• _WHAT THE TASK ASKS_
Repeat verbatim, and only, the lines of the data below, beginning at the line that contains "then use the" and stopping after the line that contains "Decades of academic".

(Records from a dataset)
════════════════════
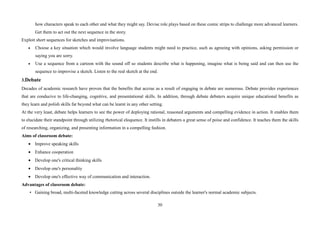 30
how characters speak to each other and what they might say. Devise role plays based on these comic strips to challenge more advanced learners.
Get them to act out the next sequence in the story.
Exploit short sequences for sketches and improvisations.
• Choose a key situation which would involve language students might need to practice, such as agreeing with opinions, asking permission or
saying you are sorry.
• Use a sequence from a cartoon with the sound off so students describe what is happening, imagine what is being said and can then use the
sequence to improvise a sketch. Listen to the real sketch at the end.
3.Debate
Decades of academic research have proven that the benefits that accrue as a result of engaging in debate are numerous. Debate provides experiences
that are conducive to life-changing, cognitive, and presentational skills. In addition, through debate debaters acquire unique educational benefits as
they learn and polish skills far beyond what can be learnt in any other setting.
At the very least, debate helps learners to see the power of deploying rational, reasoned arguments and compelling evidence in action. It enables them
to elucidate their standpoint through utilizing rhetorical eloquence. It instills in debaters a great sense of poise and confidence. It teaches them the skills
of researching, organizing, and presenting information in a compelling fashion.
Aims of classroom debate:
• Improve speaking skills
• Enhance cooperation
• Develop one's critical thinking skills
• Develop one's personality
• Develop one's effective way of communication and interaction.
Advantages of classroom debate:
• Gaining broad, multi-faceted knowledge cutting across several disciplines outside the learner's normal academic subjects.
 
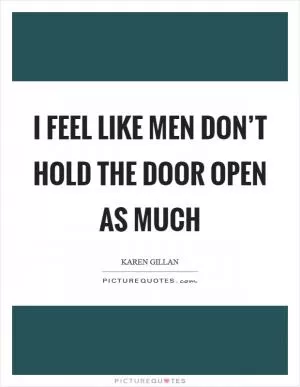 I feel like men don’t hold the door open as much Picture Quote #1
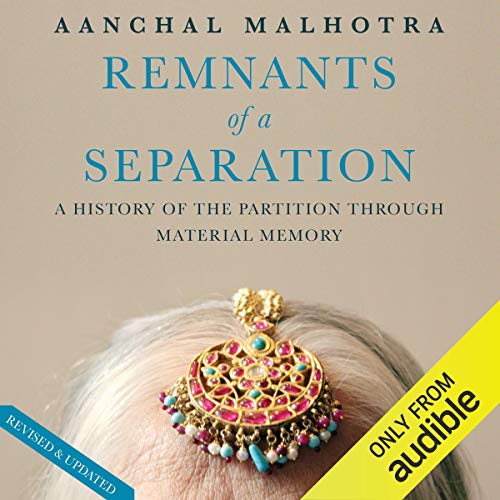 Remnants of a Separation by Aanchal Malhotra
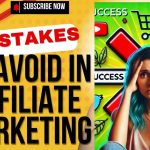 Mistakes to Avoid in Affiliate Marketing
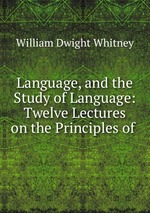Language, and the Study of Language: Twelve Lectures on the Principles of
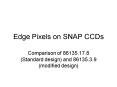 Edge Pixels on SNAP CCDs PowerPoint PPT Presentation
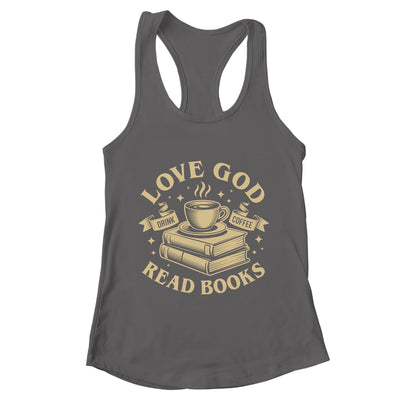 Love God Drink Coffee Read Books Lovers Vintage Christian Shirt & Tank Top | teecentury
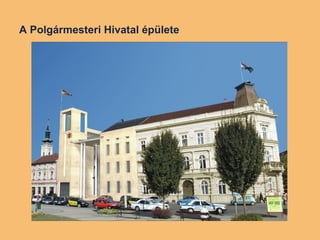 A Polgármesteri Hivatal épülete 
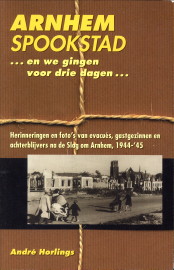 HORLINGS, ANDR - Arnhem spookstad ...en we gingen voor drie dagen .... Herinneringen en foto's van evacus, gastgezinnen en achterblijvers na de Slag om Arnhem, 1944 - '45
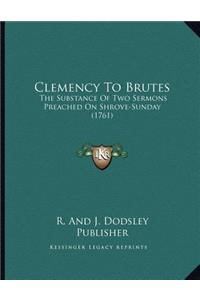 Clemency To Brutes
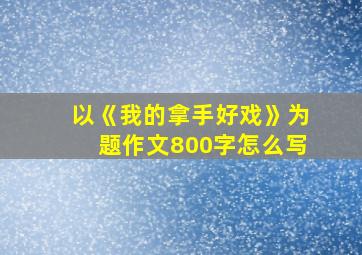 以《我的拿手好戏》为题作文800字怎么写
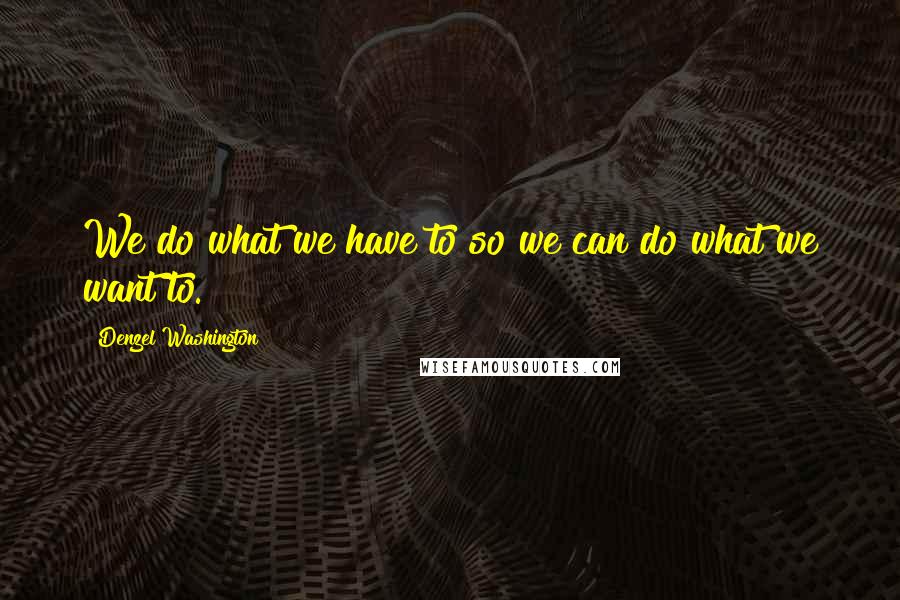 Denzel Washington Quotes: We do what we have to so we can do what we want to.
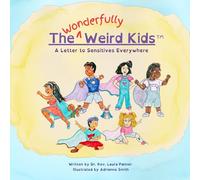The Wonderfully Weird Kids: A Letter to Sensitives Everywhere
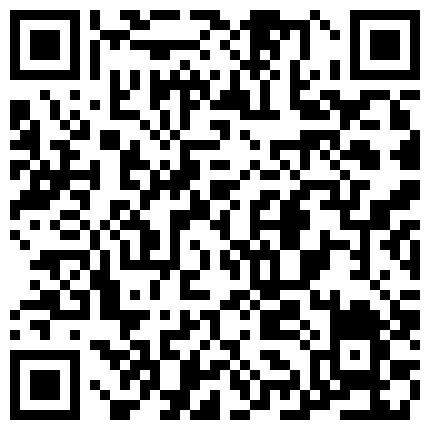 668800.xyz 富二代小青年夜场搭讪撩的长发气质美女吹箫的功夫没话说舌功太厉害小蛮腰翘臀后入哭腔呻吟太诱人1080P原版的二维码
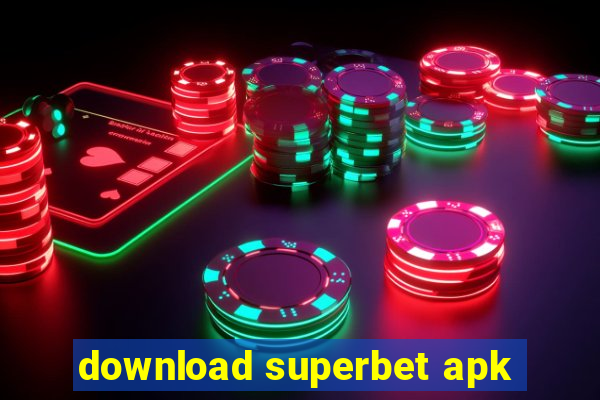 download superbet apk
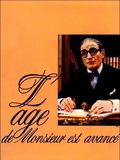L'Age de Monsieur est avancé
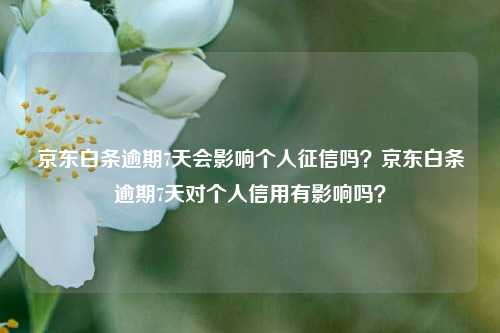 京东白条逾期7天会影响个人征信吗？京东白条逾期7天对个人信用有影响吗？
════════════════════
• _TASK ANSWER_
• Use a sequence from a cartoon with the sound off so students describe what is happening, imagine what is being said and can then use the
sequence to improvise a sketch. Listen to the real sketch at the end.
3.Debate
Decades of academic research have proven that the benefits that accrue as a result of engaging in debate are numerous. Debate provides experiences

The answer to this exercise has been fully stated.